## [INSTRUCTIONS FOR THE TASK]
Reproduce the listing verbatim.
WORKING DATA: Begin
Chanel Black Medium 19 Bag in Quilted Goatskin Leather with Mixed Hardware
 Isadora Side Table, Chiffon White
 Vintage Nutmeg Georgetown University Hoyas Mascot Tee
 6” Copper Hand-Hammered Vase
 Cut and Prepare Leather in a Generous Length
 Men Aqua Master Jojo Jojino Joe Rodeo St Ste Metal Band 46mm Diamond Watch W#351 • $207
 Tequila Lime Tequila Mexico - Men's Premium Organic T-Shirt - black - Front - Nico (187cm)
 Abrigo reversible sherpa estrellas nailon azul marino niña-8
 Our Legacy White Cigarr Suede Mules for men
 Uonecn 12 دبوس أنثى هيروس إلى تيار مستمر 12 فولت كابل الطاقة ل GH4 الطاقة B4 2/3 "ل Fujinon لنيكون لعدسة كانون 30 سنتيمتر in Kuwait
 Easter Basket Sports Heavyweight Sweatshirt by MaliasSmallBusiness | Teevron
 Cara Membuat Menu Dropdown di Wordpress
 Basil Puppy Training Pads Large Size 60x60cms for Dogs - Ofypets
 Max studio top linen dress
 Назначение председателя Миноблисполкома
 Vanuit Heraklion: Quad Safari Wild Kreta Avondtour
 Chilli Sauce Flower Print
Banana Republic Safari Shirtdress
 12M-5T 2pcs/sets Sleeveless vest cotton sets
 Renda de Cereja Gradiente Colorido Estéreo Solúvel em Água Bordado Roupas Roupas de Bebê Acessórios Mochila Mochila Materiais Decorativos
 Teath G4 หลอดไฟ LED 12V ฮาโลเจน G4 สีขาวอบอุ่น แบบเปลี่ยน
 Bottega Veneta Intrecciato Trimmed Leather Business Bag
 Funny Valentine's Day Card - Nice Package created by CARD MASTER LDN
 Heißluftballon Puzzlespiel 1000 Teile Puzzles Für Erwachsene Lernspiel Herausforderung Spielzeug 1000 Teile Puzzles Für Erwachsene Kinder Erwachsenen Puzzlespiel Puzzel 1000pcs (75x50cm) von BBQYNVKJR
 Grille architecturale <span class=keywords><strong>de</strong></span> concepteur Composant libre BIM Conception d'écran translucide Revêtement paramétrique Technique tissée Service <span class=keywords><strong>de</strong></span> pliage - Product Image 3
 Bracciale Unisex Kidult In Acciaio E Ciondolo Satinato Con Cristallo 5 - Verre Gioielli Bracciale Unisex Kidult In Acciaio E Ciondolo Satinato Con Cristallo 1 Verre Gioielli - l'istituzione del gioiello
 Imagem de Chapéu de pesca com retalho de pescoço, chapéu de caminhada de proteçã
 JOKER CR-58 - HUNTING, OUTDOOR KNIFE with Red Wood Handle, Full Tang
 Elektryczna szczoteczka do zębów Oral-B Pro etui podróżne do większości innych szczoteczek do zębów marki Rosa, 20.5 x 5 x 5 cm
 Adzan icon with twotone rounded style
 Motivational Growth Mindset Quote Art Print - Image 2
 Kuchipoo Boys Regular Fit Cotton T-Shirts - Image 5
WORKING DATA: End
## [SOLUTION TO THE EXERCISE]
Chanel Black Medium 19 Bag in Quilted Goatskin Leather with Mixed Hardware
 Isadora Side Table, Chiffon White
 Vintage Nutmeg Georgetown University Hoyas Mascot Tee
 6” Copper Hand-Hammered Vase
 Cut and Prepare Leather in a Generous Length
 Men Aqua Master Jojo Jojino Joe Rodeo St Ste Metal Band 46mm Diamond Watch W#351 • $207
 Tequila Lime Tequila Mexico - Men's Premium Organic T-Shirt - black - Front - Nico (187cm)
 Abrigo reversible sherpa estrellas nailon azul marino niña-8
 Our Legacy White Cigarr Suede Mules for men
 Uonecn 12 دبوس أنثى هيروس إلى تيار مستمر 12 فولت كابل الطاقة ل GH4 الطاقة B4 2/3 "ل Fujinon لنيكون لعدسة كانون 30 سنتيمتر in Kuwait
 Easter Basket Sports Heavyweight Sweatshirt by MaliasSmallBusiness | Teevron
 Cara Membuat Menu Dropdown di Wordpress
 Basil Puppy Training Pads Large Size 60x60cms for Dogs - Ofypets
 Max studio top linen dress
 Назначение председателя Миноблисполкома
 Vanuit Heraklion: Quad Safari Wild Kreta Avondtour
 Chilli Sauce Flower Print
Banana Republic Safari Shirtdress
 12M-5T 2pcs/sets Sleeveless vest cotton sets
 Renda de Cereja Gradiente Colorido Estéreo Solúvel em Água Bordado Roupas Roupas de Bebê Acessórios Mochila Mochila Materiais Decorativos
 Teath G4 หลอดไฟ LED 12V ฮาโลเจน G4 สีขาวอบอุ่น แบบเปลี่ยน
 Bottega Veneta Intrecciato Trimmed Leather Business Bag
 Funny Valentine's Day Card - Nice Package created by CARD MASTER LDN
 Heißluftballon Puzzlespiel 1000 Teile Puzzles Für Erwachsene Lernspiel Herausforderung Spielzeug 1000 Teile Puzzles Für Erwachsene Kinder Erwachsenen Puzzlespiel Puzzel 1000pcs (75x50cm) von BBQYNVKJR
 Grille architecturale <span class=keywords><strong>de</strong></span> concepteur Composant libre BIM Conception d'écran translucide Revêtement paramétrique Technique tissée Service <span class=keywords><strong>de</strong></span> pliage - Product Image 3
 Bracciale Unisex Kidult In Acciaio E Ciondolo Satinato Con Cristallo 5 - Verre Gioielli Bracciale Unisex Kidult In Acciaio E Ciondolo Satinato Con Cristallo 1 Verre Gioielli - l'istituzione del gioiello
 Imagem de Chapéu de pesca com retalho de pescoço, chapéu de caminhada de proteçã
 JOKER CR-58 - HUNTING, OUTDOOR KNIFE with Red Wood Handle, Full Tang
 Elektryczna szczoteczka do zębów Oral-B Pro etui podróżne do większości innych szczoteczek do zębów marki Rosa, 20.5 x 5 x 5 cm
 Adzan icon with twotone rounded style
 Motivational Growth Mindset Quote Art Print - Image 2
 Kuchipoo Boys Regular Fit Cotton T-Shirts - Image 5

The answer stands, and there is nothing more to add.